Touro Law Center, following a national trend in legal education, is helping its alumni launch their solo practices while filling a need in the community for lower-cost advocacy.

The first attorneys in the legal incubator called the Community Justice Center of Long Island, in Hauppauge, had the opportunity to hone their skills and apply their law education in much the same way doctors work in hospital residencies after medical school.

The dozen participants, a mix of recent Touro graduates and seasoned lawyers who had left larger firms, took on immigration, foreclosure, custody, disability, employment and traffic cases under the supervision of more experienced attorneys and without the cost of setting up their own offices. They will move on this month when their 18-month term ends.

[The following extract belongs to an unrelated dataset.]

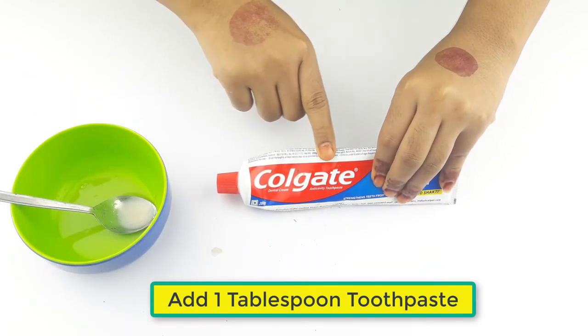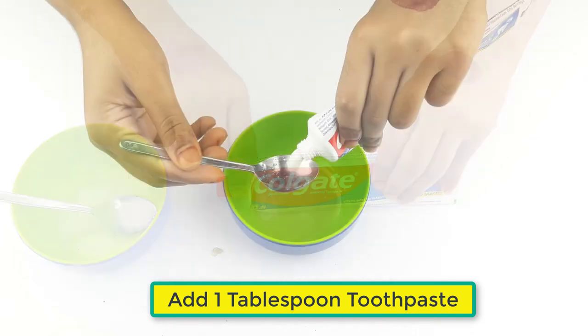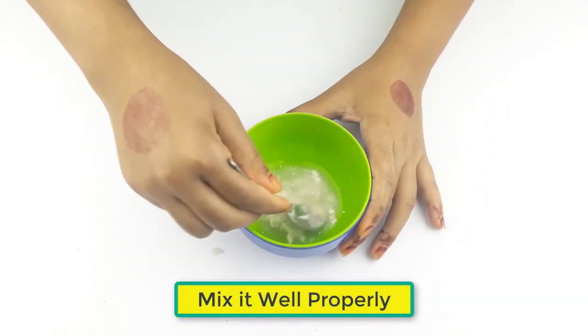At last, add 1 tablespoon of toothpaste. Mix it well properly.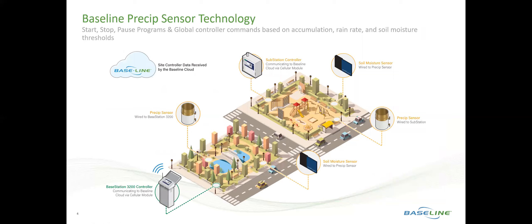The Precip Sensor will create start, stop, or pause programs either globally or based on individual programs, and can be scaled to monitor a single site or to monitor multiple sites, providing microclimate precipitation data.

Fewer jobs for new lawyers, grueling hours for partner-track associates and a renewed sense of responsibility have pushed more attorneys into the areas of public interest and community law, experts say. Generally, law schools and some state bar associations, with an eye on postgraduate employment statistics and the lack of affordable legal representation, are helping fund the startup firms.

Touro's justice center is among some 50 law incubators created in the past eight years. To get it started, the Central Islip law school hired attorney Fred Rooney, who created the first such program in the nation in 2007 at the City University of New York School of Law.

Glenn F. Campbell, 46, of Coram, a disability attorney, said he seized the opportunity to apply for a spot in the program two years ago. As a Touro alum and a quadriplegic, he always knew he was well-situated to advocate for the rights of people with disabilities.

"I always wanted a career in which I could live independently and have a life I could call my own," Campbell said.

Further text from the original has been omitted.